Others are more upbeat. Brexit initially resulted in the pound depreciating to a 31-year low against the Australian Dollar (AUD) potentially making Australia a more attractive destination for skilled UK workers.
If sustained, it also makes imports comparatively cheap. Others refer to the opportunity for Australia to drive a hard bargain with the UK in upcoming bilateral trade negotiations and possibly return the trade relationship to its pre-1973 state.
Impact on Australia
The uncertainty surrounding Brexit has primarily impacted Australian financial markets where listed companies with UK exposure such as BT Investment Management lost up to 25% in value within one month of the Brexit announcement.

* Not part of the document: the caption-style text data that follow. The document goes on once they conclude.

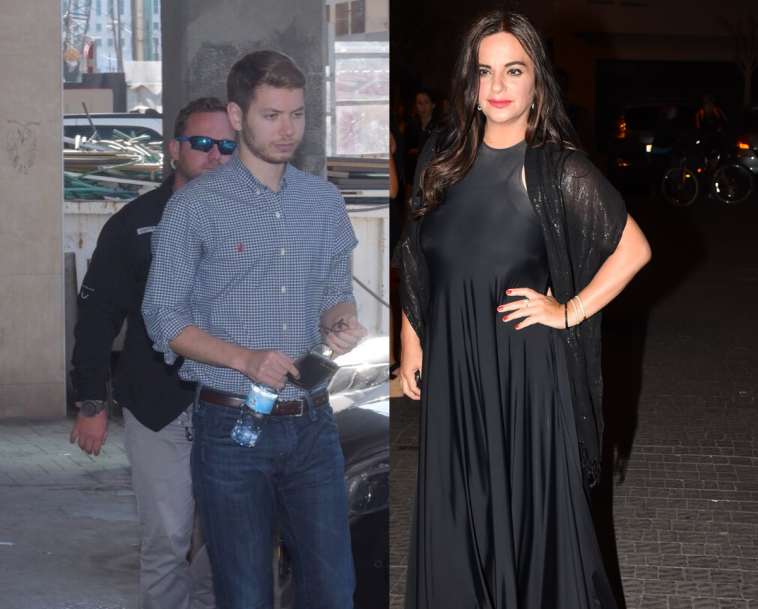 אופירה אסייג, יאיר נתניהו. צלם : יח&quot;צ, אבשלום ששוני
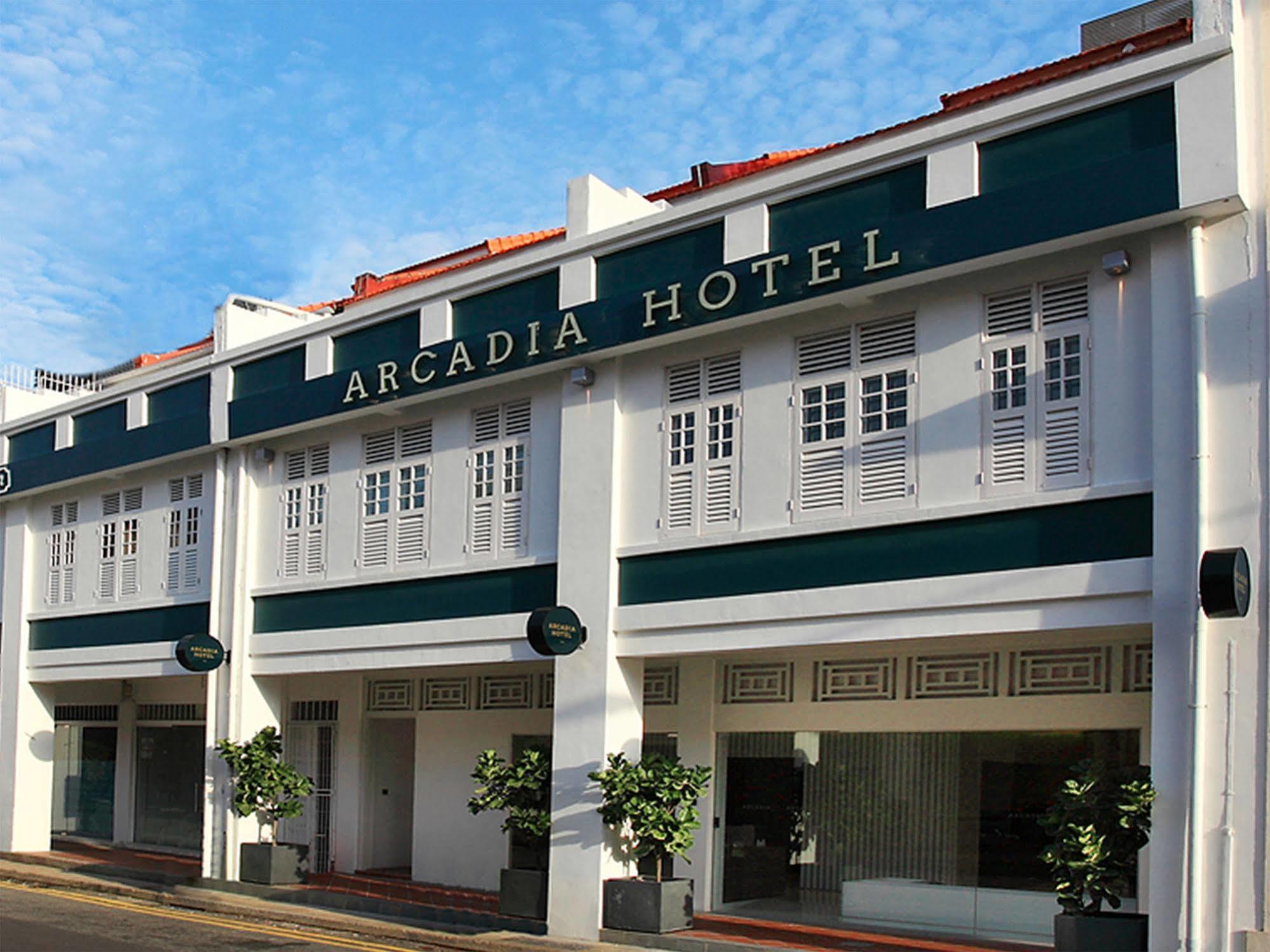 Arcadia Hotel Singapore Exterior photo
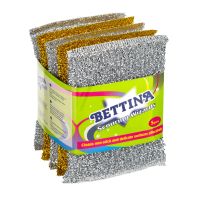 BETTINA SCOURING WIZARD GOLD/SILVER 5PK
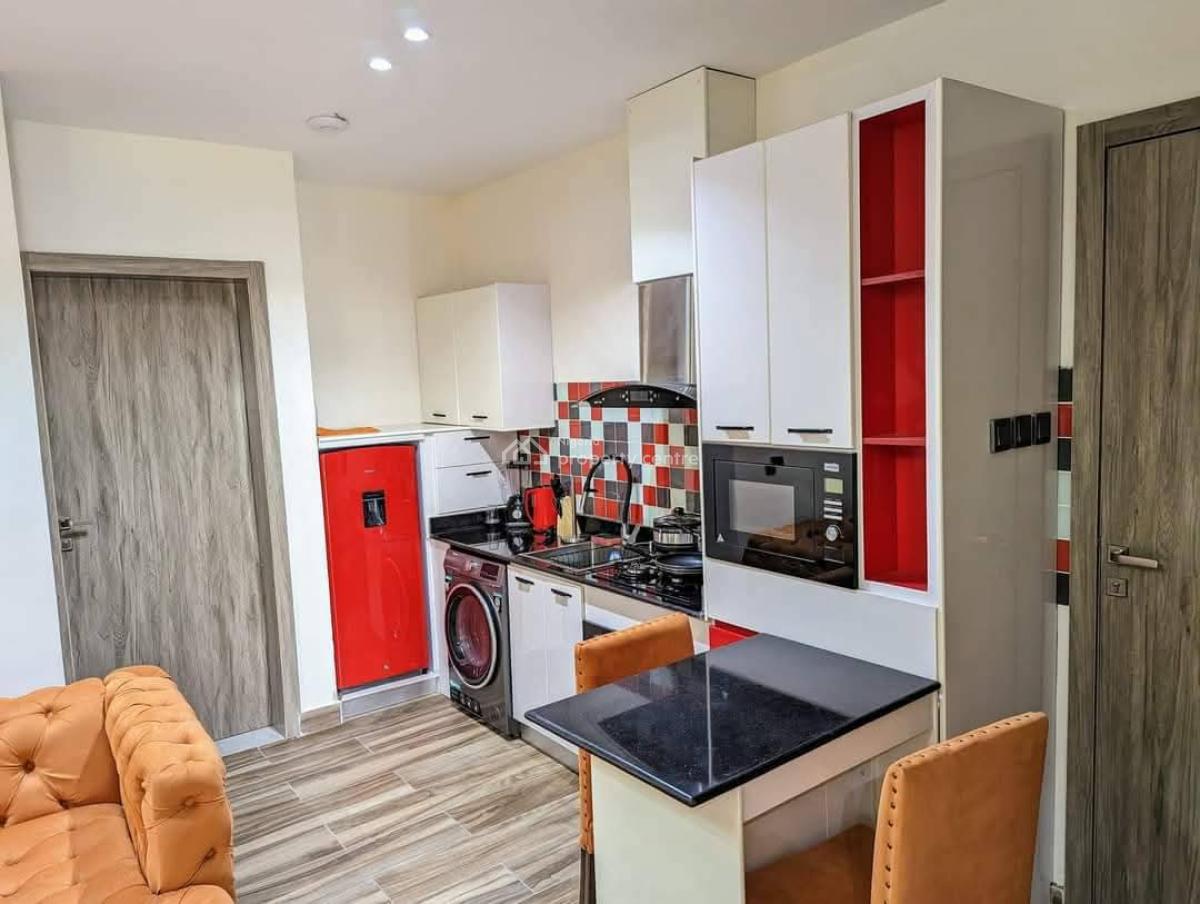 1 Bedroom Serviced Apartment, Ewet Housing Estate, Uyo, Akwa Ibom, Flat / Apartment Short Let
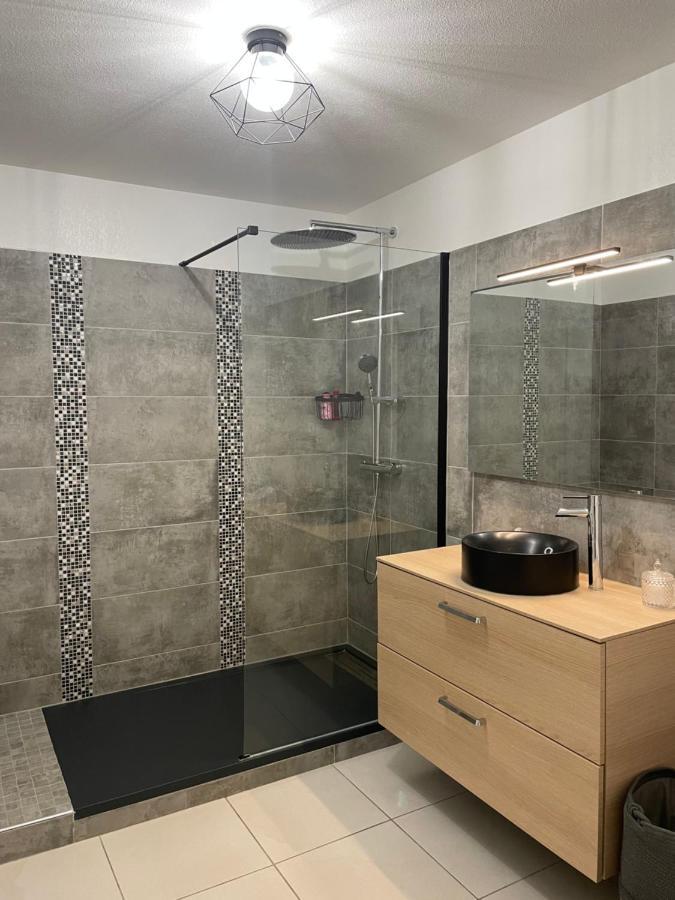 Appartement T3 Climatise,Balcon, Classe 3 Etoiles Le Boulou Buitenkant foto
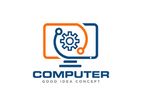 Logo Design For '''Computer Shop"' - Art Work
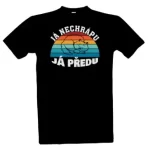 Tričko s potiskem Já nechrápu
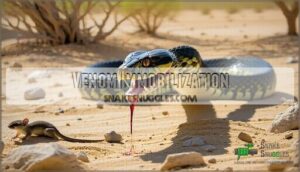 venom immobilization
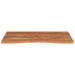 Blat de birou 90x60x2,5 cm dreptunghiular lemn masiv de acacia - WALTI WALTI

Politically, Brexit has come at a sensitive time. Australia will lose its mouthpiece inside the EU just as it commences the early stages of renegotiating a trade agreement with the EU.

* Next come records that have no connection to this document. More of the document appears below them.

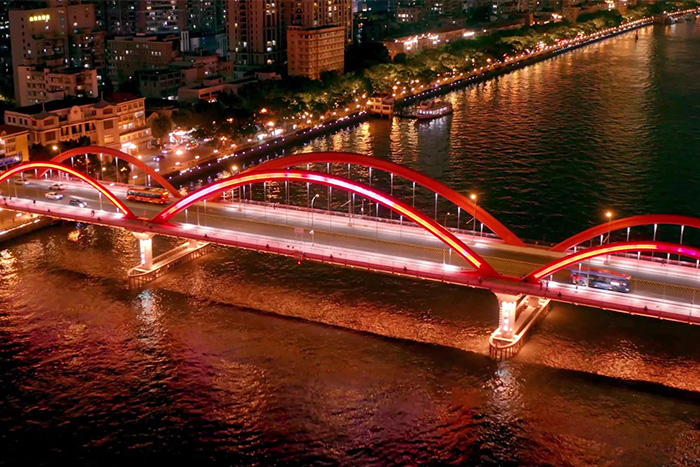 你知道橋梁亮化能夠提升夜間安全嗎？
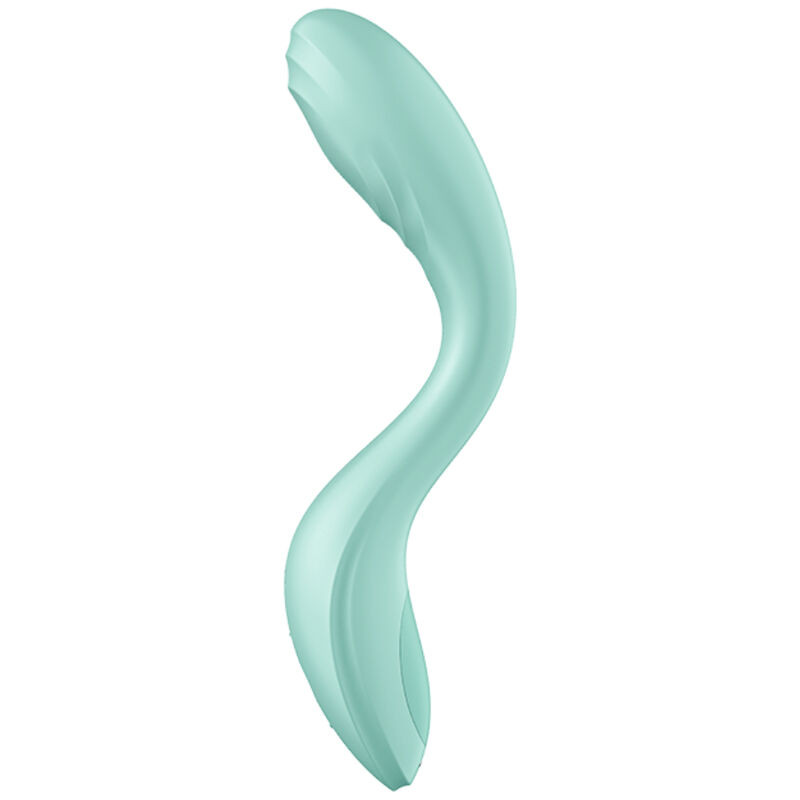 SATISFYER RRROLLING PLEASURE VIBRADOR PUNTO G VERDE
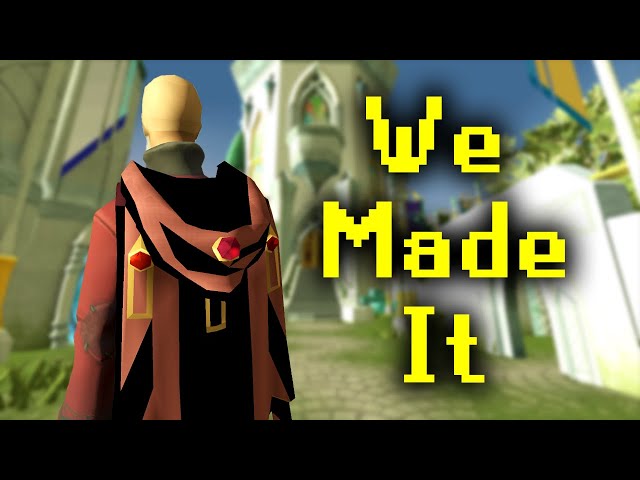 The End of the Beginning - Runescape Ironman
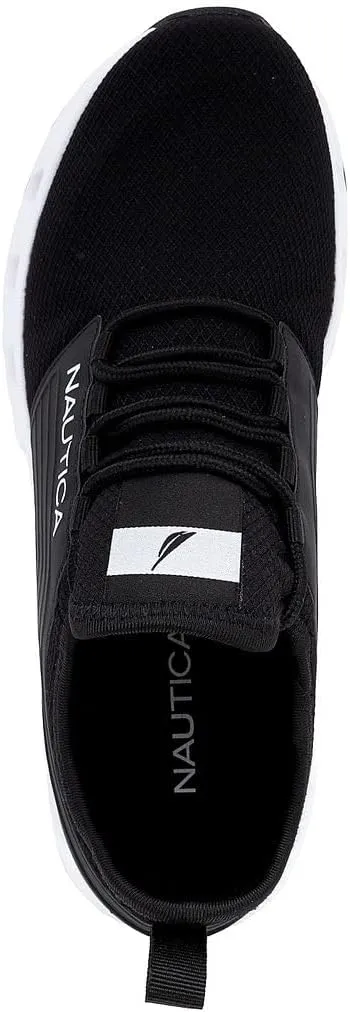 Nautica Mens Running Sneakers Sport Fashion Lace-Up Athletic Soft Shoes for Gym Tennis Men  Cushioned, Breathable, Lightweight & Comfortable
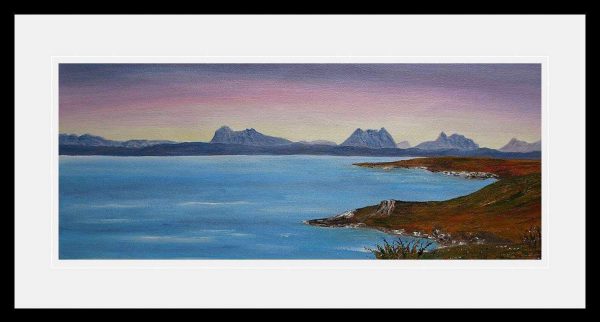 Achnahaird bay, Assynt, Original Oil painting for sale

Brexit also impacts the 1.5 million or so Australian’s with dual Australian/UK citizenship.
Many young Australians have been motivated to obtain British citizenship based on ancestry with one eye on access to the broader EU work market.
It has also impacted a large number of Australian businesses that use the UK as their regional headquarters, some of which may be motivated to relocate to mainland Europe.
Legal implications for Australian Practitioners
Currently, EU-wide IP protection is afforded to Australians through EUIPO registration. It is unclear what will happen to existing EU registrations after Brexit.
On one view, Australian IP owners currently registered under EUIPO may be required to refile their applications in the UK to maintain UK protection resulting in increased registration costs.
Validity questions may also arise over EU registered marks whose geographical use is specific to the UK.
Australian applicants seeking pan-European injunctive relief for IP infringement may now be required to initiate proceedings in the UK and EU separately which will increase enforcement costs.
Australian contracts that describe an underlying territory to be the “member states of the European Union” will need to be reviewed as the contract’s coverage may no longer include the UK despite initial intentions to do so.
At the time of writing, the implications of Brexit for Australia are only starting to emerge. Time will tell the extent to which it will be seen as a nuisance or an opportunity for the Australian economy.